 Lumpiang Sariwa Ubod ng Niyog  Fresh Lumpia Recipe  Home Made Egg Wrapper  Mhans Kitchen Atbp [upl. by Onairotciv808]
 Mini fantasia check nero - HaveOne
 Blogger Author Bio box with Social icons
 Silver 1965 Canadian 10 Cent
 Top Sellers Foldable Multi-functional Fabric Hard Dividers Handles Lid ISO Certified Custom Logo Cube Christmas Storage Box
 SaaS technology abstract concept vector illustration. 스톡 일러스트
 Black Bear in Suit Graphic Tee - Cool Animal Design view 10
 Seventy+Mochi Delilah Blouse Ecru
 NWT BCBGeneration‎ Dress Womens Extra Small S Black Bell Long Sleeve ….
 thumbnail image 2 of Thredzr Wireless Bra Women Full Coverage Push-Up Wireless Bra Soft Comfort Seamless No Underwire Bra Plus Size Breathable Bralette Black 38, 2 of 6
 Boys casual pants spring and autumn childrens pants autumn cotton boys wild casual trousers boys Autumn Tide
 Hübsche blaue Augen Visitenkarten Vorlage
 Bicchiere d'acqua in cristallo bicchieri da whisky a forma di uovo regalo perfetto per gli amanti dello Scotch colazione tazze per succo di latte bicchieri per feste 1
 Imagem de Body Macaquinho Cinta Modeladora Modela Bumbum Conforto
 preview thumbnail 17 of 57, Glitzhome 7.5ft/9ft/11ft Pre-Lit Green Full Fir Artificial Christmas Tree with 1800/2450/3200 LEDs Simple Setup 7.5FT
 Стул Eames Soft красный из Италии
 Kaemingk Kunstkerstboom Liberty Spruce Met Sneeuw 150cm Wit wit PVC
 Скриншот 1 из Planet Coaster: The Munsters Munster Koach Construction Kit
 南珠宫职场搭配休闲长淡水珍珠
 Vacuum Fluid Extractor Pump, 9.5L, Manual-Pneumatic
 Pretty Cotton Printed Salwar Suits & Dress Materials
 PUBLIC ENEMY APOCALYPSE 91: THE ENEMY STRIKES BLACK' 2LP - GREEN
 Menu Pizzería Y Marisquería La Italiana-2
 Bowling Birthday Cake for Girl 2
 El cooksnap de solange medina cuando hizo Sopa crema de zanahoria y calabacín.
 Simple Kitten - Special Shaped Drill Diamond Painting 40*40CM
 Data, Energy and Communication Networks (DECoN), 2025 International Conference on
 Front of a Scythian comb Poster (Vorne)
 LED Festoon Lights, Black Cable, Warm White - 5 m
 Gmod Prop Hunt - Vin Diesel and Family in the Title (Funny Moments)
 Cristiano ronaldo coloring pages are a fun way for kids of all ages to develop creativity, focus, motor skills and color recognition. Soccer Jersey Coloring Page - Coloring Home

__________________________________________________

Look above for the line that contains "Bicchiere d'acqua in". Starting there, transcribe every line exactly until you have copied the line that contains "Стул Eames Soft красный из Италии".

 Bicchiere d'acqua in cristallo bicchieri da whisky a forma di uovo regalo perfetto per gli amanti dello Scotch colazione tazze per succo di latte bicchieri per feste 1
 Imagem de Body Macaquinho Cinta Modeladora Modela Bumbum Conforto
 preview thumbnail 17 of 57, Glitzhome 7.5ft/9ft/11ft Pre-Lit Green Full Fir Artificial Christmas Tree with 1800/2450/3200 LEDs Simple Setup 7.5FT
 Стул Eames Soft красный из Италии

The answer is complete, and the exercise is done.